The kid's 7 years old fgs. You have no evidence that she was doing anything deliberately malicious with her mudpies, nor has she demonstrated any other propensity to be malicious. Children at that age are really not good at working out the consequences of their actions. If you've had a good relationship with her before, surely you just need to have that talk with her and tell her that if she steps out of line once more she will be barred from your land.
And the mother needs a kick in the cunt
Let the kid ride her bike. Speak to her about what she did that one time to the cars and then stop holding a grudge against a 7 year old girl.
no practical way you can stop her playing on your drive
child will not understand the finer points of any of the legal position.
you would be far better off, now you know that mother has no intention of supervising or admonishing to just tell her direct. you must not put mud on the cars.
and move on.
Think you are over reacting a bit. She did something wrong once and you are going over the top now. A seven year old put some mud and stones on a car once. It's hardly crime of the century. Give the child a break. If anything else happens you may have a point but at the moment you sound a bit unhinged, going on about the legal ramifications of her riding her bike over your driveway.
Op i dont blame you, though you could give her one more chance, if it happens again, no more
Same here wibbly, I would have been washing that car until I saw my face in it, and I would have made my kids do the same!
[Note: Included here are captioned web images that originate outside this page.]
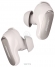 Bose QuietComfort Ultra Earbuds ()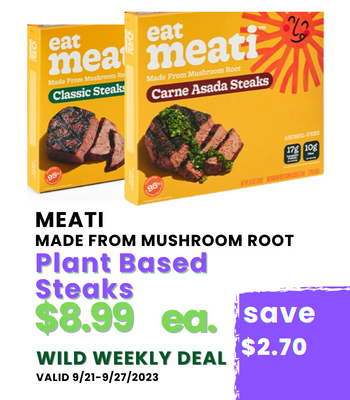 WWD Plant Based Steaks.png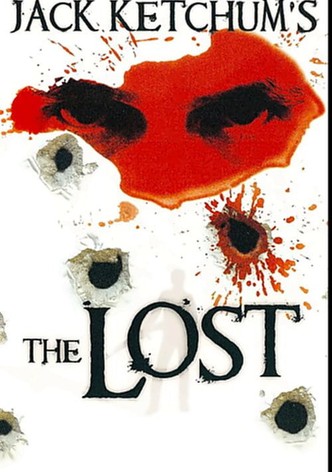 The Lost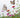 How to Design a Butterfly-Friendly Garden Bed for Your Backyard - Land Guard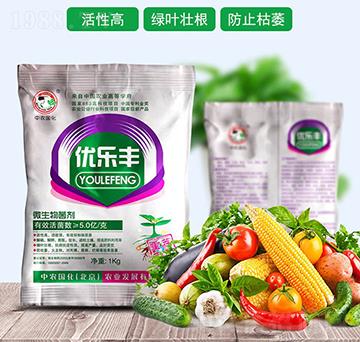 ΢�������-��(y��u)���S-���r(n��ng)����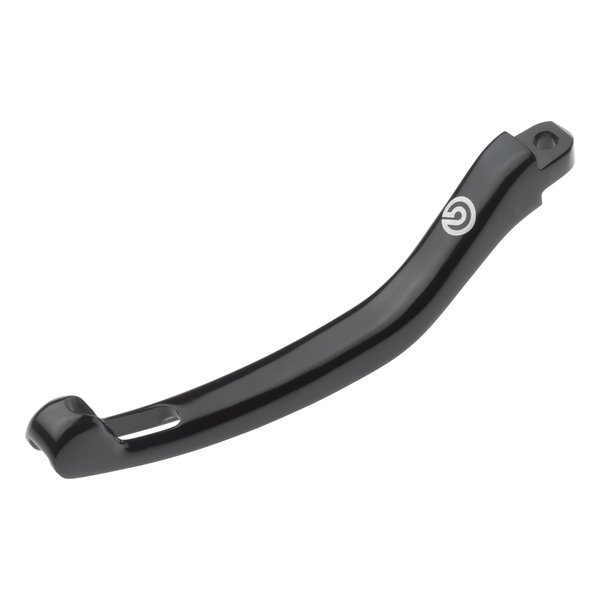 【30日は24時間限定クーポン配布】brembo ブレンボロードラッグレバー ハーフ 110.A263.78(2640375)代引不可 送料無料｜e-zoa SHOP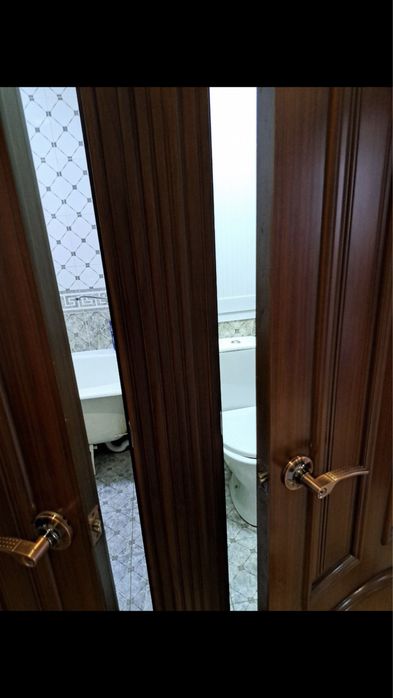 Ассаламу аллейкум полный ремонтдан  чиркан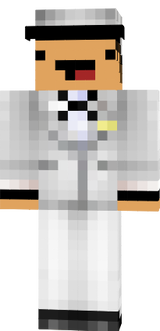 dsfdsf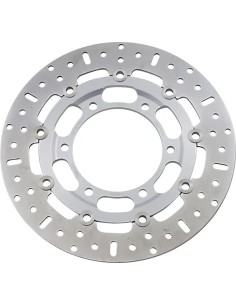 MD Series Pro-Lite Bremsscheibe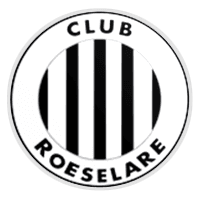Club Roeselare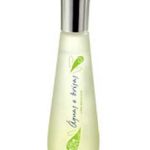 عطر ادکلن آگواس ای بریساس لیما دلیسیوسا ایوان - Águas e Brisas Lima Deliciosa Avon - بررسی، قیمت و خرید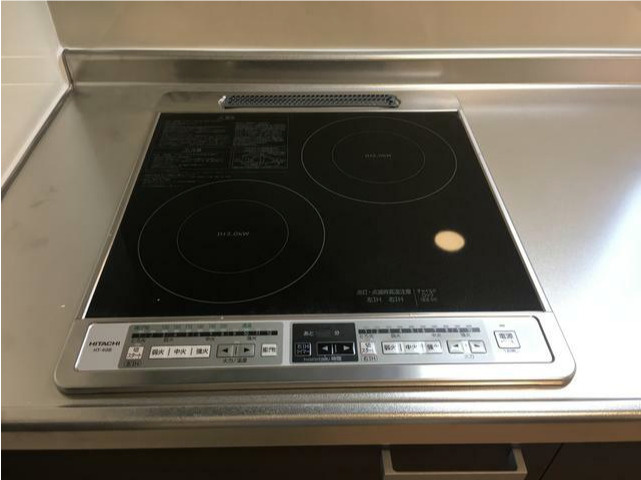 エスト　ＩＪ　ＩＺＵＭＩのその他
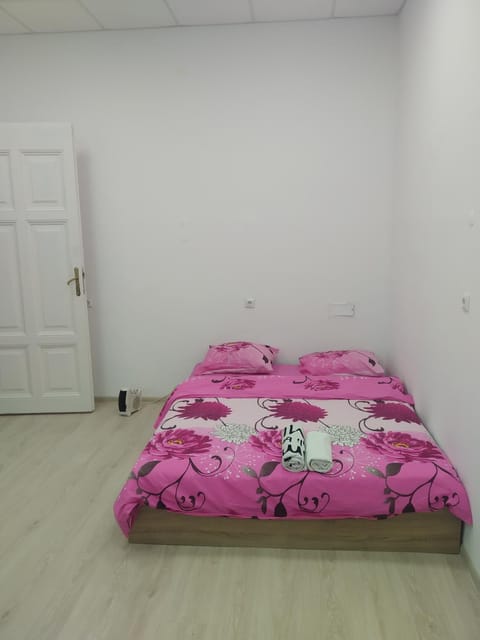 Апартамент Мария Луиза Apartment in Varna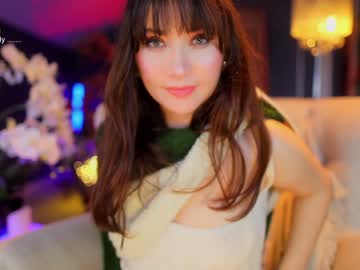 webcam girl _1s___ live cam image #6166142
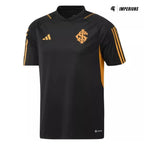 Camisa Internacional 2023/24 Comissão técnica Camisas de Futebol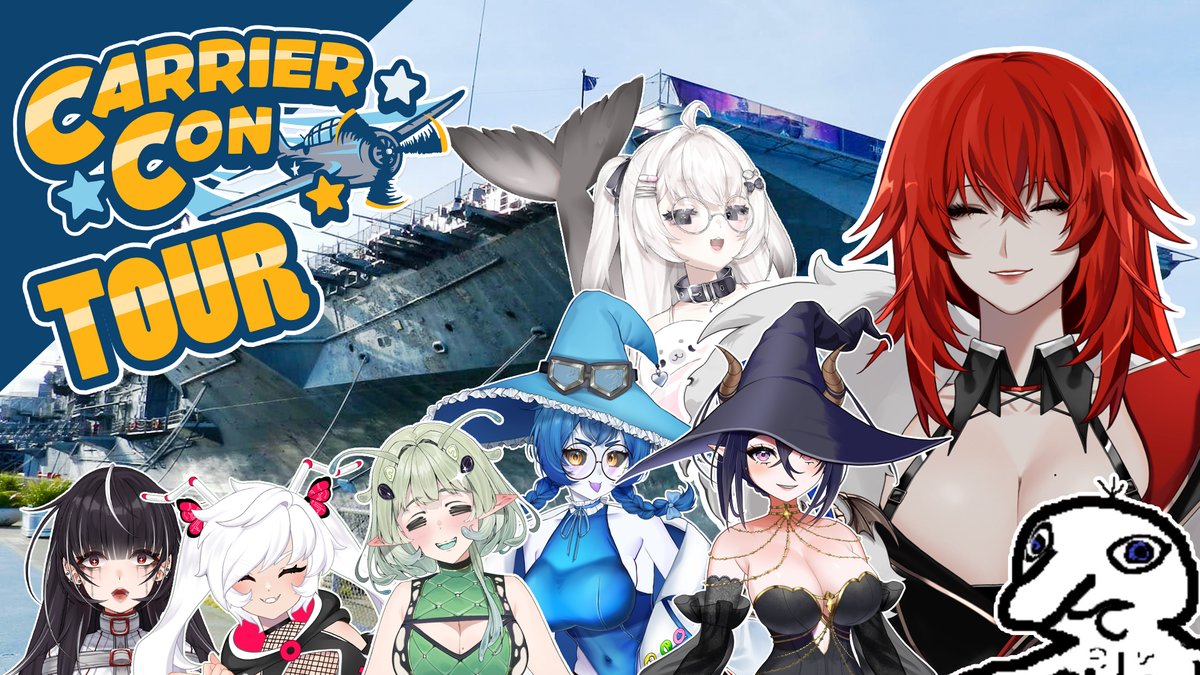 Zentreya⚡🐲⚔️ tweet media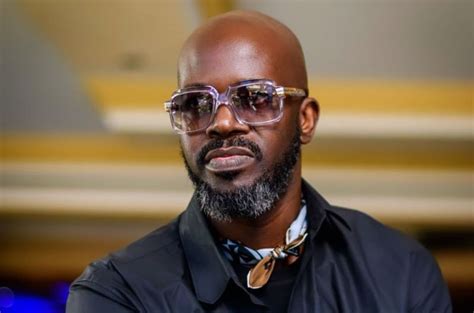 Billionaire Black Coffee Net Worth Houses Cars And More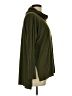 Forever 21 Green Turtleneck Sweater Size S - photo 4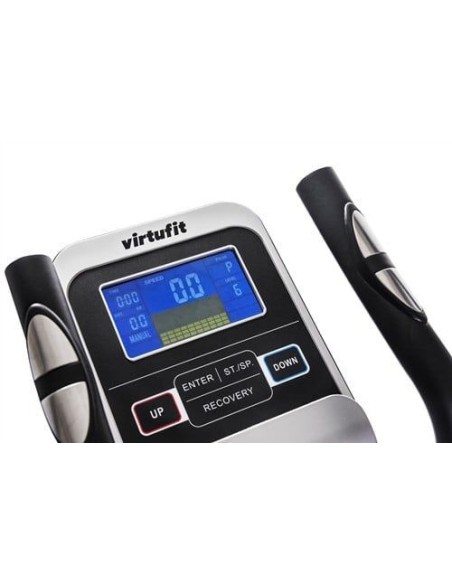 VirtuFit CTR 1.2i Crosstrainer elipsinis treniruoklis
As it happens her mum didn't offer any such thing, but she does give us a lovely set of 'evil eyes' when we drive past.
I actually feel quite sorry for her, as she is often on her own and her mother isn't exactly the nicest specimen Of humanity, which is why I used to quite happily talk to her little girl when she was playing out.
I think it's the deliberateness of her actions, to mix up mud and stones in her own back garden, then proceed to carry it 7 houses up and rub it all over someone's car (5 people's cars actually, all 'premium' type cars) that bothers me :/ and then her mother who complained that it wasn't her fault and refused to apologise.
She hasn't done it again since, but I'm not keen to give her any opportunity to do so.
I'm certain that she has no right of way over ours, I think it's in the deeds from what I recall
I'd say YANBU to bear a grudge against the girl's mother. It's no wonder the girl herself thinks she can behave in this way if her mother takes no responsibility for her child's actions. Yes, she is a child, but 7yo is plenty old enough to understand that you don't scratch cars with mud and stones.
I think you'll struggle to stop her accessing your land if her mother isn't setting proper boundaries and enforcing punishments. I just know that if that had been me, my parents would have had me washing all the cars in the neighbourhood for free for a month by way of apology. And they'd have paid for any damage too, not just shrugged it off. That's the first thing any rational person would offer to do - pay for damage and be hugely apologetic, not ignore the issue.
Having said that she's already ignored the op so not sure what else the op can do really.